__WORK TO BE COMPLETED__. Each line of the data below must be given again exactly as written.

(Dataset items)
__________________________________________________
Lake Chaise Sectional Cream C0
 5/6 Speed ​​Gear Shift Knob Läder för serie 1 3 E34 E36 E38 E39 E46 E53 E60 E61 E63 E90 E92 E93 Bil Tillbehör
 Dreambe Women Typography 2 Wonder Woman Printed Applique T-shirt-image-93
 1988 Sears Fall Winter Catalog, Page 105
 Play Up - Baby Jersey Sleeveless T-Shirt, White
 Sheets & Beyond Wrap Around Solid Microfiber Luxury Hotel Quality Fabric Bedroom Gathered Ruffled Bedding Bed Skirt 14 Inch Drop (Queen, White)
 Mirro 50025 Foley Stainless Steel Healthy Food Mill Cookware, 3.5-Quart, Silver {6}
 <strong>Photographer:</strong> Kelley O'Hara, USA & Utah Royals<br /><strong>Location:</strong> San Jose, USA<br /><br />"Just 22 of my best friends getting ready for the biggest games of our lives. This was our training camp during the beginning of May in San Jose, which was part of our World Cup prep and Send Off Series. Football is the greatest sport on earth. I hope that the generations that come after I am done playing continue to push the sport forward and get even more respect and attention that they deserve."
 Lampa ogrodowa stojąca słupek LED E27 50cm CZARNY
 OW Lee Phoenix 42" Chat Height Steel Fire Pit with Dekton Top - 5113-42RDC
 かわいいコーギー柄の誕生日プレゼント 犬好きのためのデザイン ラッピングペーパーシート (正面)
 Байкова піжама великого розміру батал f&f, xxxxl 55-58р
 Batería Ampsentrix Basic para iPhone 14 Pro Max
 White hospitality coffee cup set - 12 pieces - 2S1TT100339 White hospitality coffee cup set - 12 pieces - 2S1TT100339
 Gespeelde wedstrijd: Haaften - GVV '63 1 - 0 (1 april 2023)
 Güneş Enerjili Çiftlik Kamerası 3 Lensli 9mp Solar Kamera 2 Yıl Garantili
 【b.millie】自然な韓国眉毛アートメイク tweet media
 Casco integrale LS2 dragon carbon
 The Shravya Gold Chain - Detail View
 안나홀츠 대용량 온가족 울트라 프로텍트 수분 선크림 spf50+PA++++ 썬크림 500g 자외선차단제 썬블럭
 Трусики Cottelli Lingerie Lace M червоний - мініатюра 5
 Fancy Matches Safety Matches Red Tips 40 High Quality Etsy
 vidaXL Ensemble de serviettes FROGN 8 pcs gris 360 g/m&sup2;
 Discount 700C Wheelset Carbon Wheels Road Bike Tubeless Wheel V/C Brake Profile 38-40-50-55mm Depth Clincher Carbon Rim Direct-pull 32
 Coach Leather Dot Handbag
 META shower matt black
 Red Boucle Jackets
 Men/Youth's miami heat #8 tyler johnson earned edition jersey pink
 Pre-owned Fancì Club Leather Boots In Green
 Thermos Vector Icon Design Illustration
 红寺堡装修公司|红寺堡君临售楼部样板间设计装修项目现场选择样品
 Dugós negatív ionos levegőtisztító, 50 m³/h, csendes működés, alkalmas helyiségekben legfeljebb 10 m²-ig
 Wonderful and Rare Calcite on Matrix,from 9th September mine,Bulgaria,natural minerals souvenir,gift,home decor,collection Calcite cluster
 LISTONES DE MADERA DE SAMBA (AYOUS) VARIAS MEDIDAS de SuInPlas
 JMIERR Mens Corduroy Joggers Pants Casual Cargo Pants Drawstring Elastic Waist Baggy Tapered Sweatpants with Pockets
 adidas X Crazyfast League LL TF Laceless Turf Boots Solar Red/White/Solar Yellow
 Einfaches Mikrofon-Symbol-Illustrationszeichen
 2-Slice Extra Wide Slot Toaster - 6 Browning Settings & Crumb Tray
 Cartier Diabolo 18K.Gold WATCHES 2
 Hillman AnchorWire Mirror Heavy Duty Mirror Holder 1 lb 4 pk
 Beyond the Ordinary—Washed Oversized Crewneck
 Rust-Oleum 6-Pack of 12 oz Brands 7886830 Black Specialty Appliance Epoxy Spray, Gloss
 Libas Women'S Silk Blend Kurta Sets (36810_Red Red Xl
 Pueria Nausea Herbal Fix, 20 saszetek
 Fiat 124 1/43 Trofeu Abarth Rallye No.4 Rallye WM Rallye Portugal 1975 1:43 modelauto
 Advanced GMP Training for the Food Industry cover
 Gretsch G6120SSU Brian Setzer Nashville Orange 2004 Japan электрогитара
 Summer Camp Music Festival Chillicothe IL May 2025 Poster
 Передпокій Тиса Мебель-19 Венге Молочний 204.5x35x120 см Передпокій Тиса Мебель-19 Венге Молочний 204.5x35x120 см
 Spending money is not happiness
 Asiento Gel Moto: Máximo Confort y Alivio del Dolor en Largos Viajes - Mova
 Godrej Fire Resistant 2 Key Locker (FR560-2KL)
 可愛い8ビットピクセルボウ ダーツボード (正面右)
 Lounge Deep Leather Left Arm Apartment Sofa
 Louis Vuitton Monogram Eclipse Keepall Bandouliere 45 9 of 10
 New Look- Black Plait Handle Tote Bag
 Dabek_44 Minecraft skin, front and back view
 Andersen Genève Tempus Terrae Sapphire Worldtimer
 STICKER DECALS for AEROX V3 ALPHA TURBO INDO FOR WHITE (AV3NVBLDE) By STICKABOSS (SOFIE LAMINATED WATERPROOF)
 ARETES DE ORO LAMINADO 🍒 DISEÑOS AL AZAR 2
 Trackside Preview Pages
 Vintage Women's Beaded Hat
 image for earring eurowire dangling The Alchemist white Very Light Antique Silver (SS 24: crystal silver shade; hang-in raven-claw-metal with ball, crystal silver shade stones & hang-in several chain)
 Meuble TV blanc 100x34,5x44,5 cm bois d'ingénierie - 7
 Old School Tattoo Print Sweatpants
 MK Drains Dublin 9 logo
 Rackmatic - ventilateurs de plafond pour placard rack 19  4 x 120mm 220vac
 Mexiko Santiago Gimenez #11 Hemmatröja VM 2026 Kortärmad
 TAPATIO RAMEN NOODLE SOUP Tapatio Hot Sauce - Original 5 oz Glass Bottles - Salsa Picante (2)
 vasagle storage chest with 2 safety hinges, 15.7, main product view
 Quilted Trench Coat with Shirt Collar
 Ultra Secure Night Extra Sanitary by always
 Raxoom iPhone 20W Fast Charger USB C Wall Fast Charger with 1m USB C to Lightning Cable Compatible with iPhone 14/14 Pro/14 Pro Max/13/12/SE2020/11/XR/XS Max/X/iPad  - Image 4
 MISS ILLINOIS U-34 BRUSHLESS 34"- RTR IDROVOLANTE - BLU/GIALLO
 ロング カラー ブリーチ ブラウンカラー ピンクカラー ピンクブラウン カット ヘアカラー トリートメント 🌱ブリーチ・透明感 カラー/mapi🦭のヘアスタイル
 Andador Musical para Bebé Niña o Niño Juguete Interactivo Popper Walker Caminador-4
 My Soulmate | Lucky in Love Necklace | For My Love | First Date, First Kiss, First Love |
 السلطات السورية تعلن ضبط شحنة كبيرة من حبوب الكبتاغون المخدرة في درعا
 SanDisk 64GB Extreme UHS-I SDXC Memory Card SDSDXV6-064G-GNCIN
__________________________________________________
__RESULT OF THIS TASK__.
Lake Chaise Sectional Cream C0
 5/6 Speed ​​Gear Shift Knob Läder för serie 1 3 E34 E36 E38 E39 E46 E53 E60 E61 E63 E90 E92 E93 Bil Tillbehör
 Dreambe Women Typography 2 Wonder Woman Printed Applique T-shirt-image-93
 1988 Sears Fall Winter Catalog, Page 105
 Play Up - Baby Jersey Sleeveless T-Shirt, White
 Sheets & Beyond Wrap Around Solid Microfiber Luxury Hotel Quality Fabric Bedroom Gathered Ruffled Bedding Bed Skirt 14 Inch Drop (Queen, White)
 Mirro 50025 Foley Stainless Steel Healthy Food Mill Cookware, 3.5-Quart, Silver {6}
 <strong>Photographer:</strong> Kelley O'Hara, USA & Utah Royals<br /><strong>Location:</strong> San Jose, USA<br /><br />"Just 22 of my best friends getting ready for the biggest games of our lives. This was our training camp during the beginning of May in San Jose, which was part of our World Cup prep and Send Off Series. Football is the greatest sport on earth. I hope that the generations that come after I am done playing continue to push the sport forward and get even more respect and attention that they deserve."
 Lampa ogrodowa stojąca słupek LED E27 50cm CZARNY
 OW Lee Phoenix 42" Chat Height Steel Fire Pit with Dekton Top - 5113-42RDC
 かわいいコーギー柄の誕生日プレゼント 犬好きのためのデザイン ラッピングペーパーシート (正面)
 Байкова піжама великого розміру батал f&f, xxxxl 55-58р
 Batería Ampsentrix Basic para iPhone 14 Pro Max
 White hospitality coffee cup set - 12 pieces - 2S1TT100339 White hospitality coffee cup set - 12 pieces - 2S1TT100339
 Gespeelde wedstrijd: Haaften - GVV '63 1 - 0 (1 april 2023)
 Güneş Enerjili Çiftlik Kamerası 3 Lensli 9mp Solar Kamera 2 Yıl Garantili
 【b.millie】自然な韓国眉毛アートメイク tweet media
 Casco integrale LS2 dragon carbon
 The Shravya Gold Chain - Detail View
 안나홀츠 대용량 온가족 울트라 프로텍트 수분 선크림 spf50+PA++++ 썬크림 500g 자외선차단제 썬블럭
 Трусики Cottelli Lingerie Lace M червоний - мініатюра 5
 Fancy Matches Safety Matches Red Tips 40 High Quality Etsy
 vidaXL Ensemble de serviettes FROGN 8 pcs gris 360 g/m&sup2;
 Discount 700C Wheelset Carbon Wheels Road Bike Tubeless Wheel V/C Brake Profile 38-40-50-55mm Depth Clincher Carbon Rim Direct-pull 32
 Coach Leather Dot Handbag
 META shower matt black
 Red Boucle Jackets
 Men/Youth's miami heat #8 tyler johnson earned edition jersey pink
 Pre-owned Fancì Club Leather Boots In Green
 Thermos Vector Icon Design Illustration
 红寺堡装修公司|红寺堡君临售楼部样板间设计装修项目现场选择样品
 Dugós negatív ionos levegőtisztító, 50 m³/h, csendes működés, alkalmas helyiségekben legfeljebb 10 m²-ig
 Wonderful and Rare Calcite on Matrix,from 9th September mine,Bulgaria,natural minerals souvenir,gift,home decor,collection Calcite cluster
 LISTONES DE MADERA DE SAMBA (AYOUS) VARIAS MEDIDAS de SuInPlas
 JMIERR Mens Corduroy Joggers Pants Casual Cargo Pants Drawstring Elastic Waist Baggy Tapered Sweatpants with Pockets
 adidas X Crazyfast League LL TF Laceless Turf Boots Solar Red/White/Solar Yellow
 Einfaches Mikrofon-Symbol-Illustrationszeichen
 2-Slice Extra Wide Slot Toaster - 6 Browning Settings & Crumb Tray
 Cartier Diabolo 18K.Gold WATCHES 2
 Hillman AnchorWire Mirror Heavy Duty Mirror Holder 1 lb 4 pk
 Beyond the Ordinary—Washed Oversized Crewneck
 Rust-Oleum 6-Pack of 12 oz Brands 7886830 Black Specialty Appliance Epoxy Spray, Gloss
 Libas Women'S Silk Blend Kurta Sets (36810_Red Red Xl
 Pueria Nausea Herbal Fix, 20 saszetek
 Fiat 124 1/43 Trofeu Abarth Rallye No.4 Rallye WM Rallye Portugal 1975 1:43 modelauto
 Advanced GMP Training for the Food Industry cover
 Gretsch G6120SSU Brian Setzer Nashville Orange 2004 Japan электрогитара
 Summer Camp Music Festival Chillicothe IL May 2025 Poster
 Передпокій Тиса Мебель-19 Венге Молочний 204.5x35x120 см Передпокій Тиса Мебель-19 Венге Молочний 204.5x35x120 см
 Spending money is not happiness
 Asiento Gel Moto: Máximo Confort y Alivio del Dolor en Largos Viajes - Mova
 Godrej Fire Resistant 2 Key Locker (FR560-2KL)
 可愛い8ビットピクセルボウ ダーツボード (正面右)
 Lounge Deep Leather Left Arm Apartment Sofa
 Louis Vuitton Monogram Eclipse Keepall Bandouliere 45 9 of 10
 New Look- Black Plait Handle Tote Bag
 Dabek_44 Minecraft skin, front and back view
 Andersen Genève Tempus Terrae Sapphire Worldtimer
 STICKER DECALS for AEROX V3 ALPHA TURBO INDO FOR WHITE (AV3NVBLDE) By STICKABOSS (SOFIE LAMINATED WATERPROOF)
 ARETES DE ORO LAMINADO 🍒 DISEÑOS AL AZAR 2
 Trackside Preview Pages
 Vintage Women's Beaded Hat
 image for earring eurowire dangling The Alchemist white Very Light Antique Silver (SS 24: crystal silver shade; hang-in raven-claw-metal with ball, crystal silver shade stones & hang-in several chain)
 Meuble TV blanc 100x34,5x44,5 cm bois d'ingénierie - 7
 Old School Tattoo Print Sweatpants
 MK Drains Dublin 9 logo
 Rackmatic - ventilateurs de plafond pour placard rack 19  4 x 120mm 220vac
 Mexiko Santiago Gimenez #11 Hemmatröja VM 2026 Kortärmad
 TAPATIO RAMEN NOODLE SOUP Tapatio Hot Sauce - Original 5 oz Glass Bottles - Salsa Picante (2)
 vasagle storage chest with 2 safety hinges, 15.7, main product view
 Quilted Trench Coat with Shirt Collar
 Ultra Secure Night Extra Sanitary by always
 Raxoom iPhone 20W Fast Charger USB C Wall Fast Charger with 1m USB C to Lightning Cable Compatible with iPhone 14/14 Pro/14 Pro Max/13/12/SE2020/11/XR/XS Max/X/iPad  - Image 4
 MISS ILLINOIS U-34 BRUSHLESS 34"- RTR IDROVOLANTE - BLU/GIALLO
 ロング カラー ブリーチ ブラウンカラー ピンクカラー ピンクブラウン カット ヘアカラー トリートメント 🌱ブリーチ・透明感 カラー/mapi🦭のヘアスタイル
 Andador Musical para Bebé Niña o Niño Juguete Interactivo Popper Walker Caminador-4
 My Soulmate | Lucky in Love Necklace | For My Love | First Date, First Kiss, First Love |
 السلطات السورية تعلن ضبط شحنة كبيرة من حبوب الكبتاغون المخدرة في درعا
 SanDisk 64GB Extreme UHS-I SDXC Memory Card SDSDXV6-064G-GNCIN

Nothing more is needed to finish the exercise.